Which lines run from the one containing "USA Flag Jockstrap, Stars" through the last line of the records? Copy them exactly, leaving pictures out.

--- --- ---

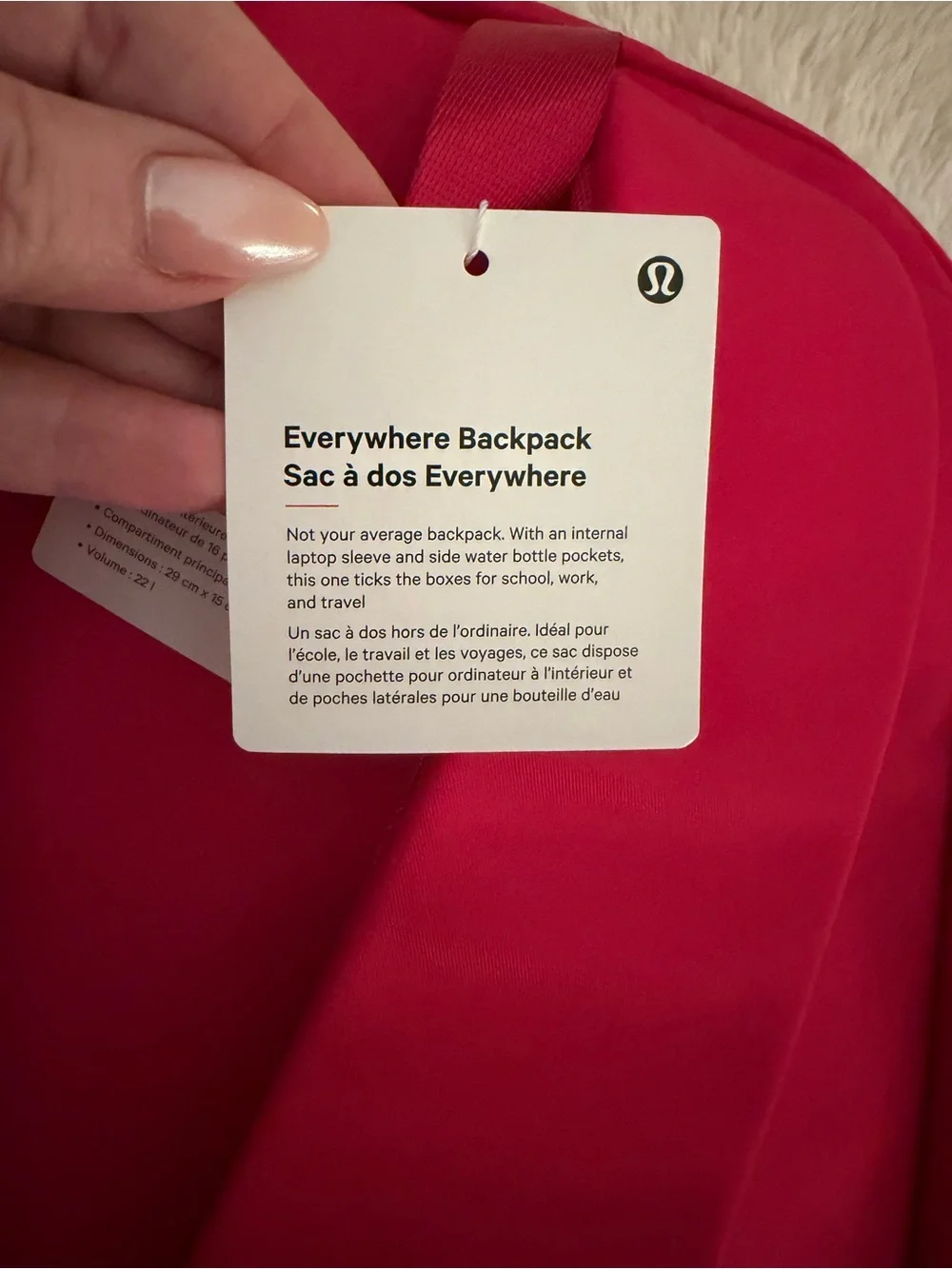Lululemon NWT Everywhere Backpack 22L Pink Water Repellent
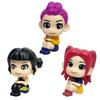 3Pcs K-POP Demon Hunters Rumi Mira Zoey Q Version Sitting Pose Figure Set Anime Action & Toy Figures Cute Cartoon Action Figures Toys for Fans Gift
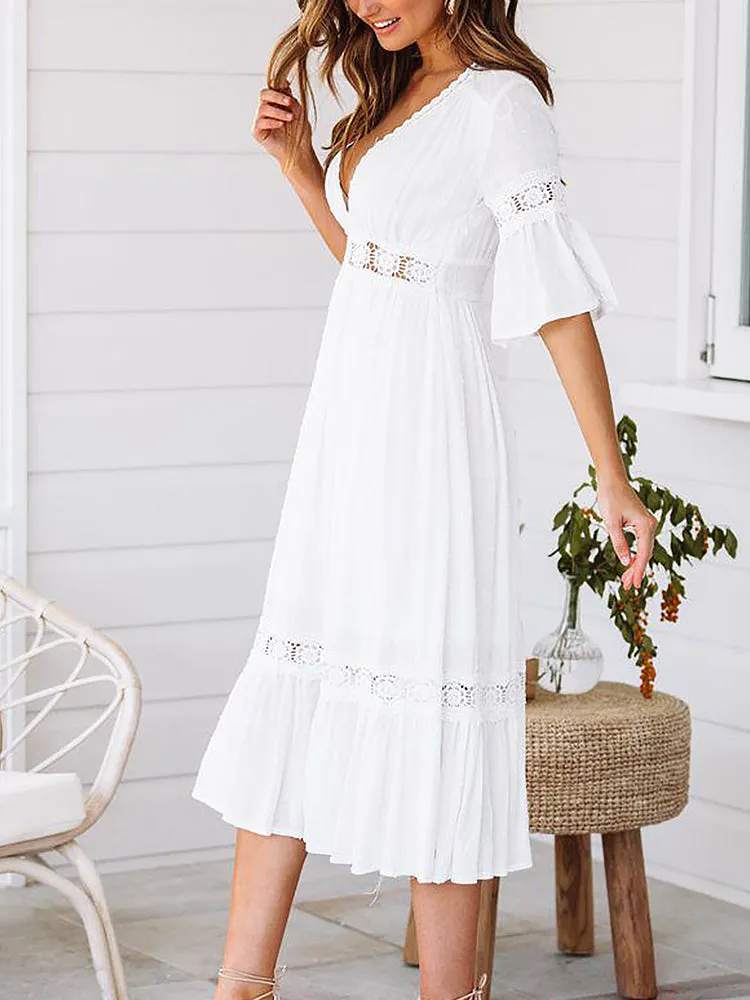 Summer Holiday Deep V-Neck White Hollow Lace Dress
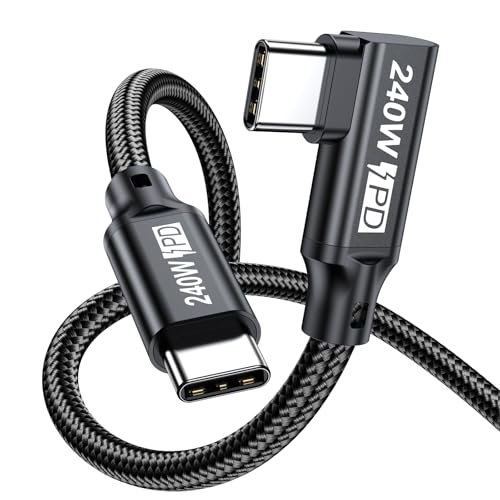 240W USB C to USB C Cable 10FT,PD 3.1 Type C to C 5A Fast Charging Cable Right Angle for MacBook Pro/Air,iPad Pro/Air/Mini,iPhone15/15Pro/15Plus/15ProMax,Samsung S24/S23/S22,Surface Book2,Pixel - style: 90° Right Angle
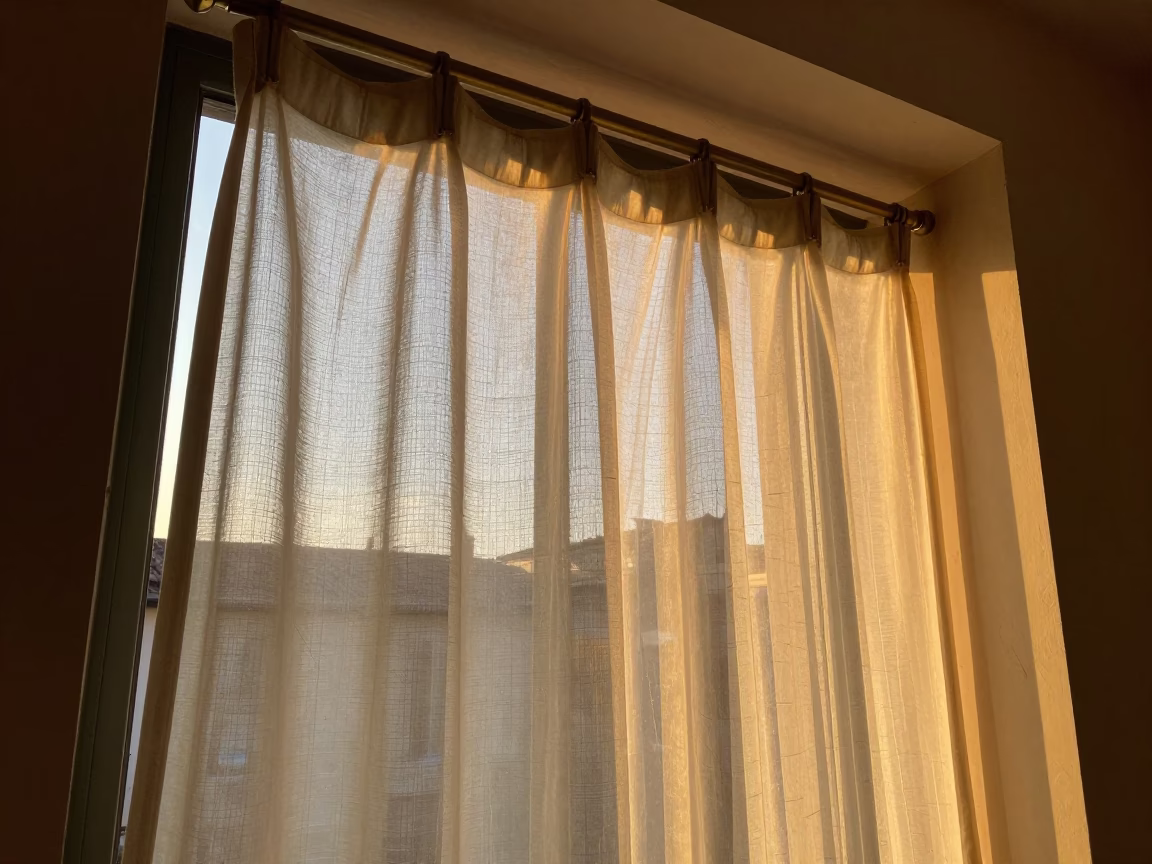 Vintage Window Curtain in Milan in in Milan, Italy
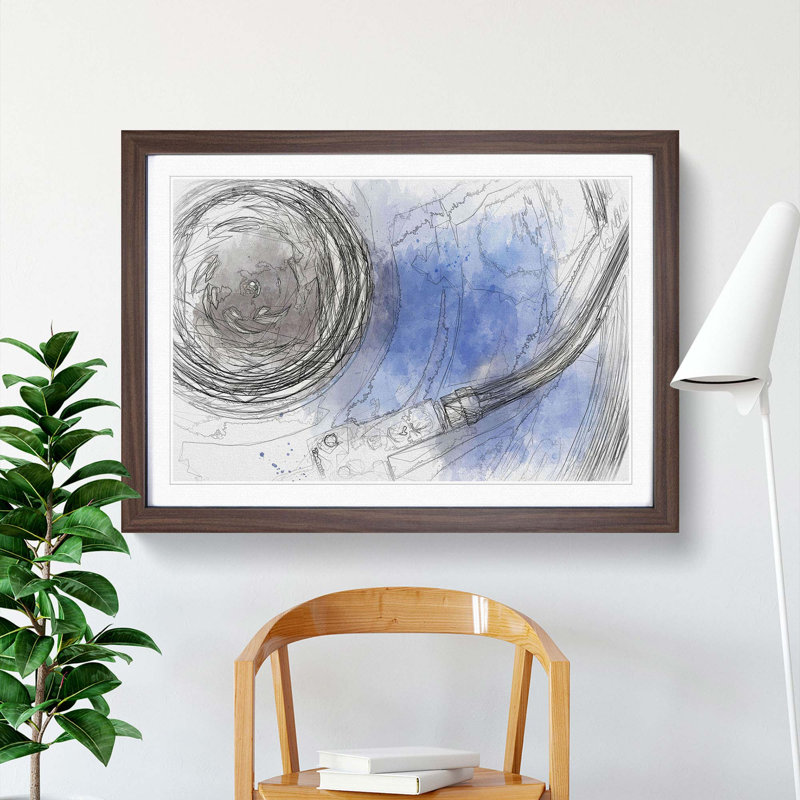 Blue Vinyl Record in Abstract - Picture Frame Drawing Print, Walnut Framed, 36cm H x 48cm W x 2cm D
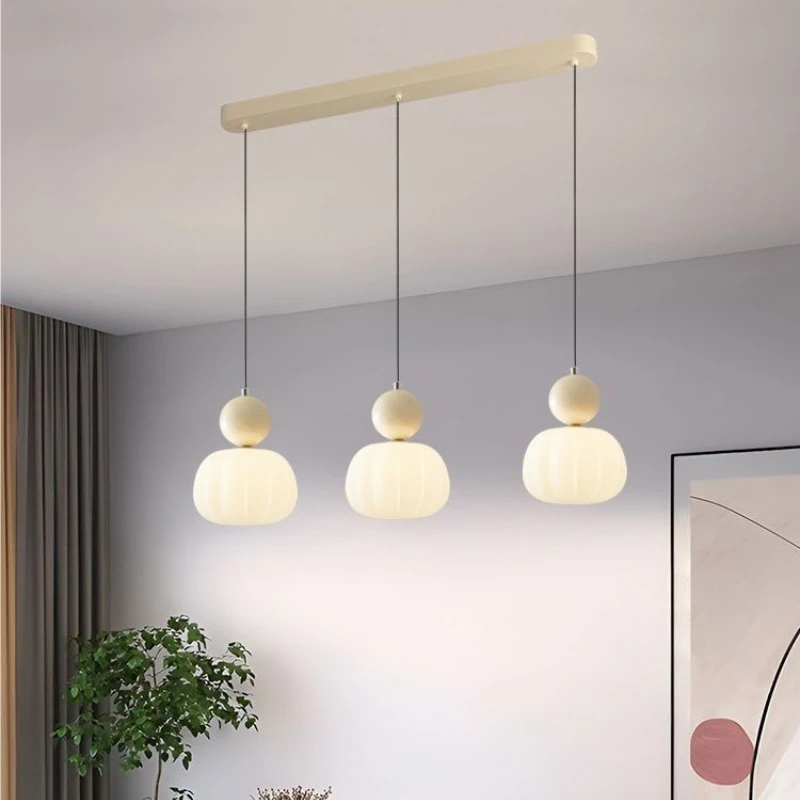 RoyaleGlow Cream Bauhaus Style Art Deco Glass Pendant Light for Modern Spaces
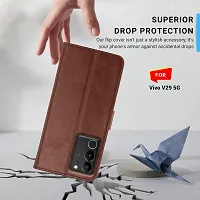 Jotech Vintage Flip Cover for Vivo V29/Vivo V29 Pro 5G - Brown-thumb1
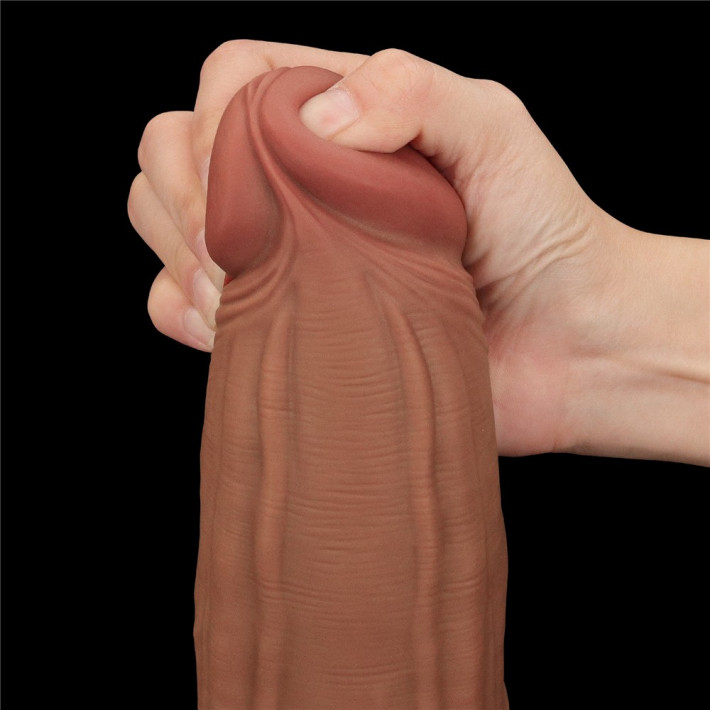 Dildo Ultra Realistic King Sized Sliding Skin Dual Layer Dong, Brun, 30 Cm 3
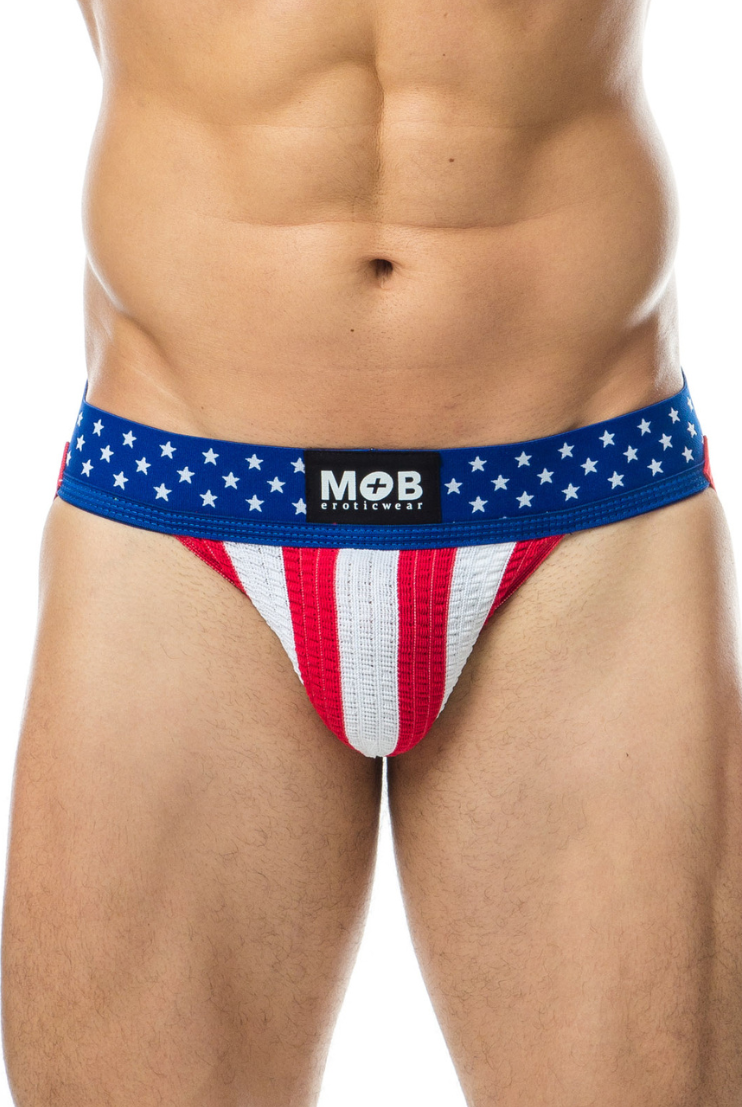 USA Flag Jockstrap, Stars on the waistband and bangles on the pouch.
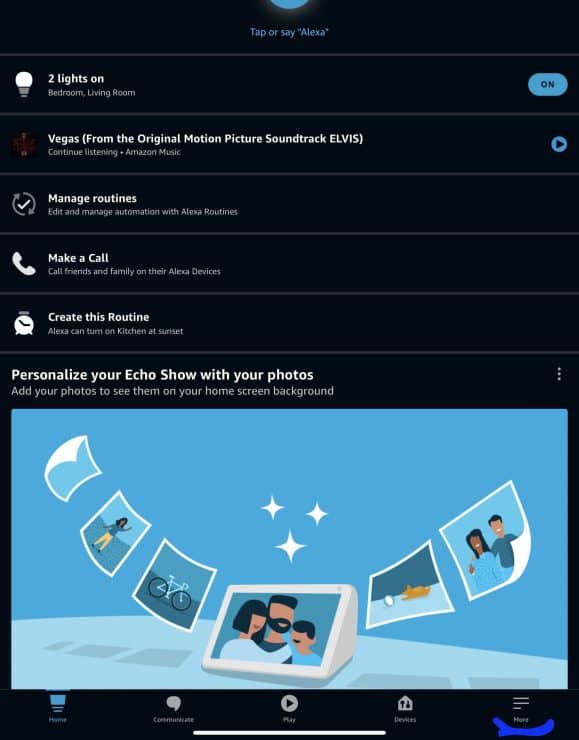 Alexa App Home Screen and More Button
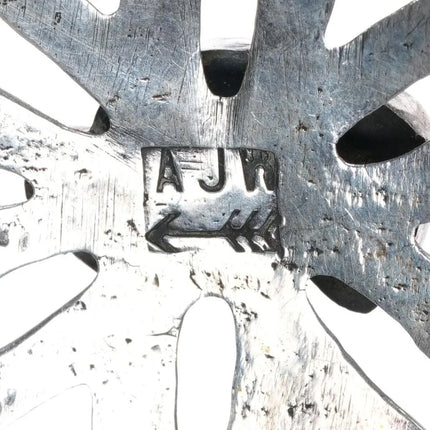 Small AJW Navajo cast sterling silver, turquoise, coral belt buckle - Estate Fresh Austin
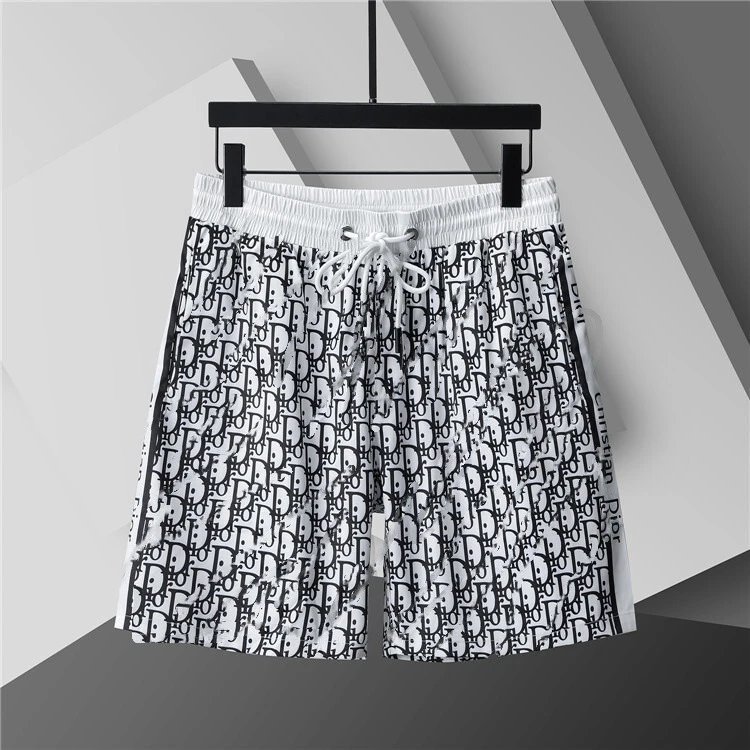 Dior Swimwear Elastic Drawstring Logo-Print Swim Shorts — 3785 white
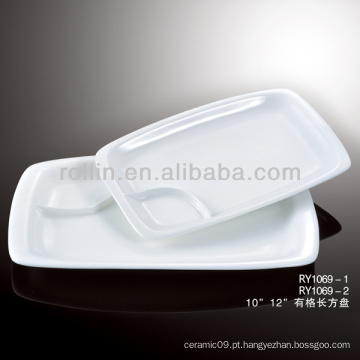 Especial 10 &quot;branco compartimento placas de porcelana retangular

--- --- ---

_Task response_
 USA Flag Jockstrap, Stars on the waistband and bangles on the pouch.
 Alexa App Home Screen and More Button
 Small AJW Navajo cast sterling silver, turquoise, coral belt buckle - Estate Fresh Austin
 Dior Swimwear Elastic Drawstring Logo-Print Swim Shorts — 3785 white
 Especial 10 &quot;branco compartimento placas de porcelana retangular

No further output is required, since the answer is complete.